- Padre Íñigo Bridge
- U.S. National Register of Historic Places
- Puerto Rico Historic Sites and Zones
- Location: Highway 14, km 34.2, Coamo, Puerto Rico
- Coordinates: 18°4′53″N 66°21′15″W﻿ / ﻿18.08139°N 66.35417°W
- Built: 1879
- Architect: Raymundo Campubri
- NRHP reference No.: 95000840
- RNSZH No.: 2001-(RS)-23-JP-SH

Significant dates
- Added to NRHP: July 19, 1995
- Designated RNSZH: May 16, 2001

= Padre Íñigo Bridge =

Padre Íñigo Bridge (Spanish: Puente Padre Íñigo), also known as the Coamo Bridge (Puente de Coamo) or Bridge #174, is a historic lattice girder bridge that crosses the Coamo River in the municipality of the same name in southern Puerto Rico. It was added to the United States National Register of Historic Places in 1995, and to the Puerto Rico Register of Historic Sites and Zones in 2001.

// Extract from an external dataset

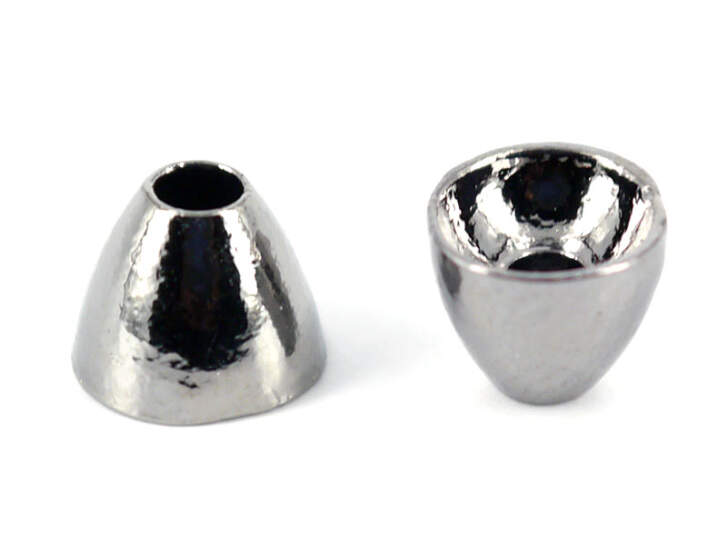100 Corpi Jig In Tungsteno - Taglia M - Per Mosca E Nymphe - P&ecirc;che Truite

The bridge, built between 1853 and 1879, is the earliest extant multi-span lattice girder bridge and the only one with continuous girders in Puerto Rico. Its foundations consist of precious wood piles 3 meters deep. Designed by engineer Raymundo Campubri, a noted builder-designer, it was manufactured by Eugene Rollin & Co. in Belgium for 29,590 francs. The 70-ton structure was brought from Europe aboard the ship Galeon. The bridge was built as part of the old Carretera Central, the first highway across the Cordillera Central mountain range. The bridge is now only open to pedestrians and a new bridge built in 1983 bypasses it today.